Market reactions were mixed following the announcement. The Dow Jones Industrial Average fell 0.57% to 48,861 points, and the S&P 500 slipped marginally by 0.04% to 7,135. In contrast, the Nasdaq 100 gained 0.58% to reach 27,186 points. Fixed-income markets saw the 10-year US Treasury yield rise sharply by 8 basis points to 4.43%, while the Dollar Index (DXY) appreciated by 0.39% to 98.97 points.

US_Inflation_Rate_April29

Figure 1. US Inflation Rate (2025-2026). Source: Data from the US Bureau of Labor Statistics; Figure obtained from Trading Economics.

Alphabet, Microsoft, Amazon, and Meta exceed expectations with robust Q1 2026 results

Four prominent members of the "Magnificent Seven"—Alphabet, Microsoft, Amazon, and Meta—surpassed analyst consensus for both total revenue and earnings per share (EPS) in their Q1 2026 reports.

Alphabet (GOOGL) reported revenue of $109.90 billion, exceeding the $106.79 billion forecast. The company posted an EPS of $5.11, significantly higher than the estimated $2.62. These results represent a year-on-year (YoY) revenue growth of 21.8% and an extraordinary 81.8% increase in EPS. Consequently, Alphabet's shares rose 6.57% in post-market trading.
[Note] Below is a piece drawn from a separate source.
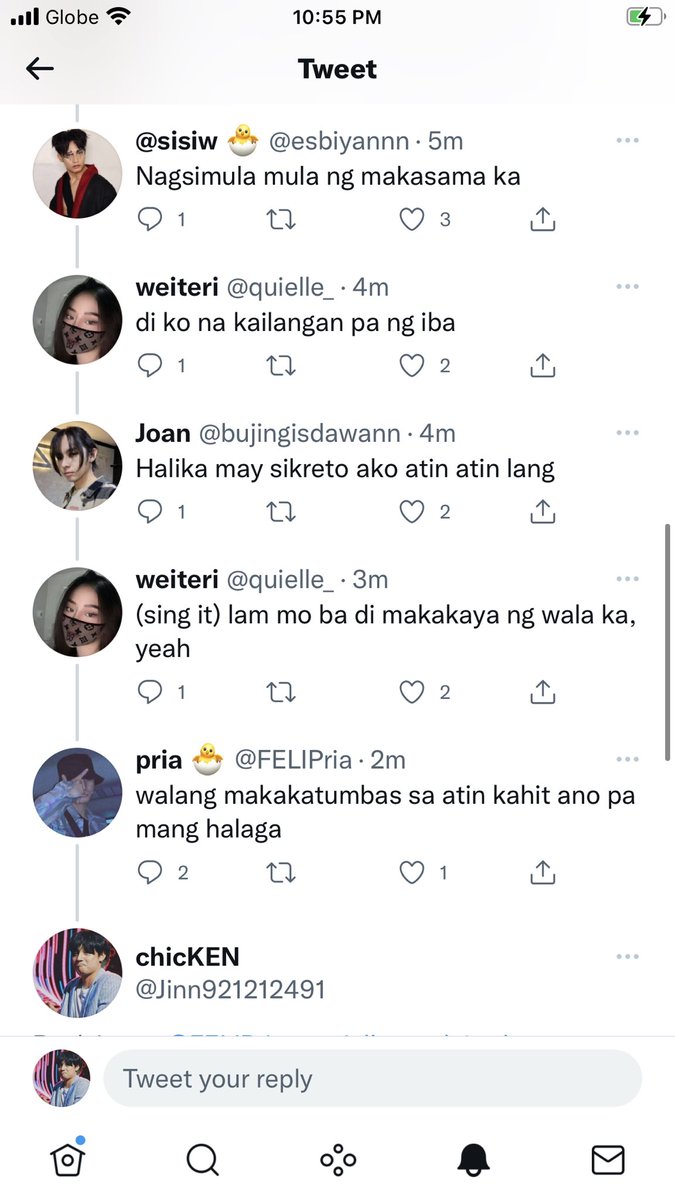 JinnKen12220697's tweet photo. LEZZGOWW BUOIN NATIN TO๐ญ
-
SLMT ft. PopC @scharleskim x A'TIN
-
#SB19 #KAIAPH https://t.co/OJ96GXzVm5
Microsoft achieved total revenue of $82.90 billion, surpassing the $81.29 billion forecast. The firm reported an EPS of $4.27, ahead of the $4.05 analyst estimate. These figures reflect a YoY revenue growth of 18.3% and a 23.4% rise in EPS. However, the stock saw a marginal post-market depreciation of 0.08%.

Amazon disclosed total revenue of $181.50 billion, beating the market consensus of $177.13 billion. The e-commerce and cloud giant reported an EPS of $2.78, well above the $1.63 forecast. This represents a YoY revenue increase of 16.6% and a 74.8% surge in EPS. Amazon shares appreciated by 2.58% in after-hours trading.

Meta Platforms reached total revenue of $56.31 billion, slightly above the $55.52 billion forecast. The social media conglomerate achieved an EPS of $10.44, considerably higher than the $6.65 estimate. These results show a YoY revenue growth of 33% and a notable 62.3% increase in EPS. Despite these strong fundamentals, Meta’s shares declined by 6.55% in the post-market session.

The aggregate strength of these earnings drove an appreciation in the Nasdaq futures contract (NQM26) of approximately 0.55%. If these gains are sustained through the next market close, the index is poised to reach a new historical record.